Many Christians most probably do not know that the early church – at least in the first two hundred or so years – did not have a New Testament. It may be equally surprising to many to know that as late as the sixteenth and seventeenth centuries, the New Testament canon was still being debated from different perspectives.
For the Roman Catholic church, the New Testament canon was finally defined by the Council of Trent, in 1546. It was not until 1559 that the Gallic Confession of Faith defined it for the Calvinistic traditions. The final definition for the Church of England came in the Thirty Nine Articles of 1563. For the Greek Orthodox Church, the final definition came in the Synod of Jerusalem of 1672.
However, as early as around 180 A.D. Irenaeus, bishop of Lyons, referred to a Tetramorph, or a four gospel canon, and even earlier, in mid-second century, Justin Martyr mentioned "memoirs of the apostles" and "writings of the prophets" being read side by side on Sabbaths. Furthermore, as early as 200 A.D. Origen probably used a canon of 27 books in his catechetical school, but there were disputes with regard to the Letter to the Hebrews, The Letter of James, The Second Letter of Peter, The Third Letter of John and the Book of Revelation (the Antilegomena).

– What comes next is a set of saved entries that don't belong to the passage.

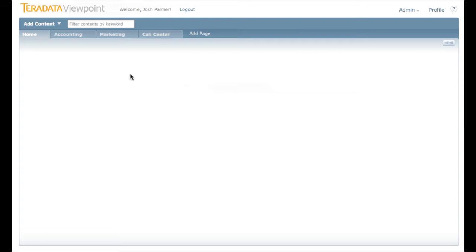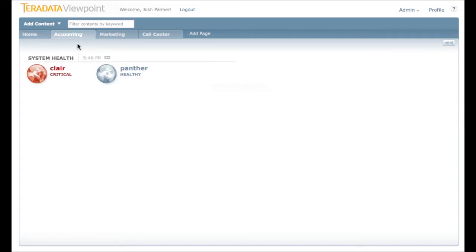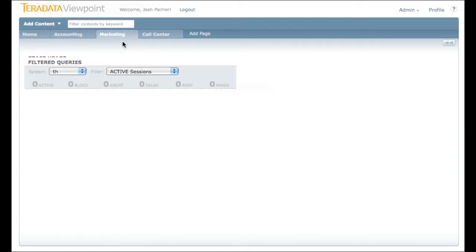When you first log into the portal, you'll see a series of tabs across the top of the screen. Each of these tabs represents a separate page. Pages are independent of one another. Each one can contain its own set of portlets, and they can be arranged in any way you like without affecting any other tabs.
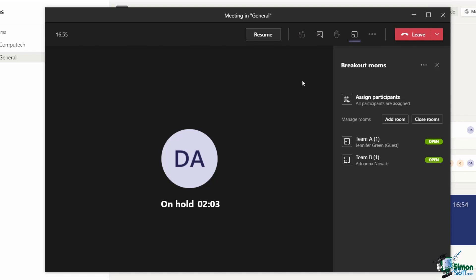If you have that setting toggled on in your room settings, it's going to allow people to come back under their own speed. But if you want to just close the rooms, which will essentially boot everybody out of their individual breakout rooms and pull them back into the main meeting, then you can do that as well.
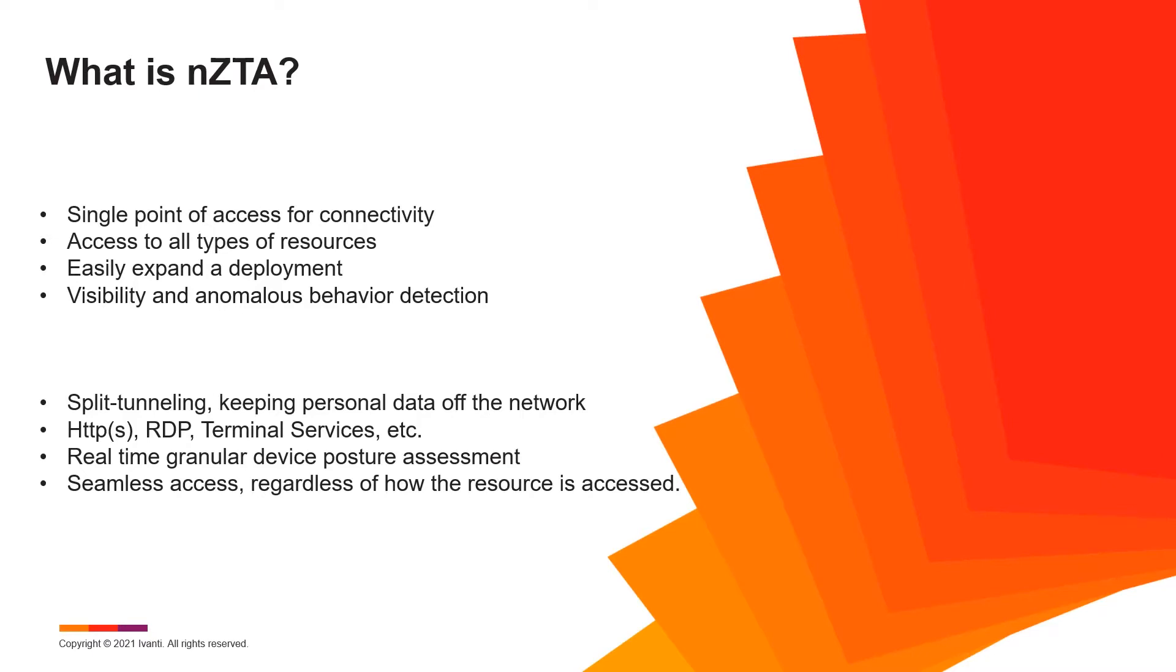What is NZTA? From an administrative perspective, it's a single point of access for all connectivity needs. It can deploy all kinds of resources regardless of where they live. Public or private cloud, virtual deployments, data center resources, it's all supported.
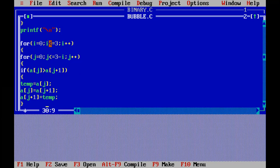For j equal to 0, j less than or equal to 3 minus i, j plus plus. What we are going to do is compare and swap elements. First element we compare with the second, second with the third, and so on. If a of j is greater than a of j plus 1, that means we have to swap the elements. If the first element is greater than the second one, then we swap them.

It is therefore, fair to say that by the beginning of the third century, most of the 27 books of the New Testament were already known, but their canonicity was still unsettled.
It was not until the latter half of the fourth century, in 367, that Athanasius, bishop of Alexandria, in his Easter Letter, explicitly gave a list of the 27 books that would later become the canon of the New Testament. The Synod of Hippo, in 393, became the first church council to accept the list and in 397 and 419 the Councils of Carthage followed suit.
These were councils under the leadership of St. Augustine, who considered the canon closed.
There is no doubt, therefore, that the New Testament canon was a process that took many years. It was not a one time settlement and, at the blink of an eye, there was an agreed upon New Testament. Furthermore, the disputes were the result of different believing communities bringing in their particular and unique milieu, understandings and interpretations.
Even the issue of divine inspiration was variously understood and interpreted. Church councils were instrumental in forging a common understanding for the believing communities. In due time a prevailing side decided what would be orthodoxy and determined the opposite side to be heresy. Being on the losing side often carried severe consequences too.
The views of infallibility and inerrancy held by many today have no historical basis. It is true that there are some timeless lessons in all scriptures. It is equally true that contextualization and interpretation are equally necessary tools. The one-fits-all application does not have a foundation in history.